大会予算の大部分はすでに執行されている。2020年末に発表された予算計画第5版によれば、開催費用は総額1兆6440億円とされているが、その半分以上が東京周辺の恒久施設への公共投資で占められている。
中止になれば、ケータリングや輸送、エネルギーインフラなどの大会運営コストや、選手村をマンションに改修する費用は削減できるが、何よりも収入がなくなってしまう。
日本はすでに断腸の思いで海外一般客の受け入れを諦め、900億円と見積もられた観戦チケットの売り上げの多くを逃している。国内の観客についてはまだ決定が下されていない。

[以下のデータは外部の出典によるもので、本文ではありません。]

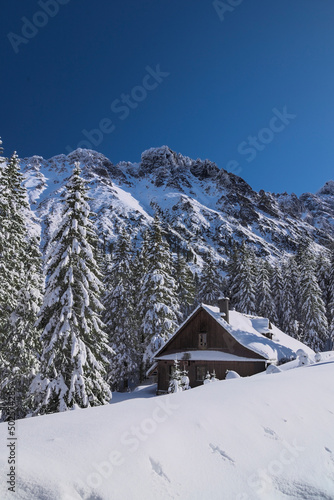 Tatry   stare schronisko nad Morskim Okiem zim  . Tatra Mountains  old shelter at Morskie Oko lake in winter.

また主催者側は、国内スポンサー企業への協賛金の一部返金が33億ドル(約3600億円)、IOC拠出金の払い戻しが13億ドル(約1400億円)など、莫大(ばくだい)な額を負担することになる。
■中止になった場合のIOCのコストは?
IOCはこれまで東京五輪で期待される収入を明らかにしたことがない。IOCの収入は4年サイクルで発表されるからだ。ソチ冬季五輪とリオデジャネイロ五輪が行われた2013~16年の収入は57億ドル(約6200億円)に上った。
その収入の4分の3は放映権によるもので、関係者の間では、東京五輪でIOCは少なくとも15億ドル(約1600億円)を受け取ると予想されている。だが、中止になった場合、放映権料は払い戻さなければならない。
残りの収入は世界のスポンサーからのもので、中止の場合は各パートナーと返金額について綿密な交渉が必要となる。
10億ドル(約1100億円)以上の蓄えがあるIOCが分配金とせずに手元に残す収入は10%のみだが、東京五輪による収入を奪われれば大打撃を受けることは間違いない。
またIOCから分配金を受け取っている各国内オリンピック委員会(NOC)や各競技の国際連盟は、コロナ流行ですでに厳しい財政状況にあり、スポーツ界全体が危機にさらされることになる。